Now open the cluster dash board in your browser by pointing it to the same dispatcher that you used to plan and launch the cluster in the graphical front end. In addition to the usual buttons “Relaunch”, “Edit cluster plan” and “Delete cluster plan” you will see another button marked “Upgrade and relaunch cluster”.
Hit this button, your cluster will be upgraded and launched and all is done for you behind the scenes. If all goes well, you will see the usual cluster dash board after a few seconds. If there is an error, you have to inspect the log files of your cluster ArangoDB instances. Please let us know if you run into problems.
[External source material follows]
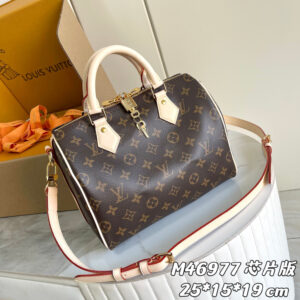 Louis Vuitton Speedy Bandouliere 25 Monogram Handbag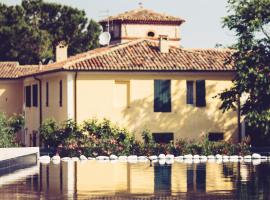 Turchi Farm - Locanda della Luna & Antico Frantoio，位于Longiano的酒店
There is an alternative way using the ArangoDB
shell. Instead of steps 3. and 4. above you can launch arangosh
, point it to the dispatcher that you have used to plan and launch the cluster using the option --server.endpoint
, and execute
arangosh> require("org/arangodb/cluster").Upgrade("root","");
This upgrades the cluster and launches it, exactly as with the button above in the graphical front end. You have to replace "root"
with a user name and ""
with a password that is valid for authentication with the cluster.
Upgrading Foxx apps generated by ArangoDB 2.7 and earlier
The implementation of the require
function used to import modules in ArangoDB and Foxx has changed in order to improve compatibility with Node.js modules.
Given an app/service with the following layout:
- manifest.json
- controllers/
- todos.js
- models/
- todo.js
- repositories/
- todos.js
- node_modules/
- models/
- todo.js
- models/
The file controllers/todos.js
would previously contain the following require
calls:
var _ = require('underscore');
var joi = require('joi');
var Foxx = require('org/arangodb/foxx');
var ArangoError = require('org/arangodb').ArangoError;
var Todos = require('repositories/todos'); // <-- !
var Todo = require('models/todo'); // <-- !
The require paths repositories/todos
and models/todo
were previously resolved locally as relative to the app root.
Starting with 2.8 these paths would instead be resolved as relative to the node_modules
folder or the global ArangoDB module paths before being resolved locally as a fallback.
In the given example layout the app would break in 2.8 because the module name models/todo
would always resolve to node_modules/models/todo.js
(which previously would have been ignored) instead of the local models/todo.js
.
In order to make sure the app still works in 2.8, the require calls in controllers/todos.js
would need to be adjusted to look like this:
var _ = require('underscore');
var joi = require('joi');
var Foxx = require('org/arangodb/foxx');
var ArangoError = require('org/arangodb').ArangoError;
var Todos = require('../repositories/todos'); // <-- !
var Todo = require('../models/todo'); // <-- !
Note that the old “global” style require calls may still work in 2.8 but may break unexpectedly if modules with matching names are installed globally.